* [Task objective]: Please copy the lines below exactly, from the first one through the line showing "Diaper Bag Mummy".

________________________

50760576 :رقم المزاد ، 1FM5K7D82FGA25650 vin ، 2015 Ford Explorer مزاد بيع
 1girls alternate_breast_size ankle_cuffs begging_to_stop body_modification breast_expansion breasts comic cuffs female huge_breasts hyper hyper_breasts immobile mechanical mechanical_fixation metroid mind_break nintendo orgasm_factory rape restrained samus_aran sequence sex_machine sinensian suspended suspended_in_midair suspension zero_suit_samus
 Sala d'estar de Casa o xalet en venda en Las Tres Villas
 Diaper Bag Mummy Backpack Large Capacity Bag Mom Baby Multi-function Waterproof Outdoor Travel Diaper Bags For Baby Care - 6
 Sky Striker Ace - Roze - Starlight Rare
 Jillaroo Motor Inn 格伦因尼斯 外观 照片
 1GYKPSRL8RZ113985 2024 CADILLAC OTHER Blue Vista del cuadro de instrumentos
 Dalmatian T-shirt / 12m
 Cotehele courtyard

________________________

* [Reply]:
50760576 :رقم المزاد ، 1FM5K7D82FGA25650 vin ، 2015 Ford Explorer مزاد بيع
 1girls alternate_breast_size ankle_cuffs begging_to_stop body_modification breast_expansion breasts comic cuffs female huge_breasts hyper hyper_breasts immobile mechanical mechanical_fixation metroid mind_break nintendo orgasm_factory rape restrained samus_aran sequence sex_machine sinensian suspended suspended_in_midair suspension zero_suit_samus
 Sala d'estar de Casa o xalet en venda en Las Tres Villas
 Diaper Bag Mummy Backpack Large Capacity Bag Mom Baby Multi-function Waterproof Outdoor Travel Diaper Bags For Baby Care - 6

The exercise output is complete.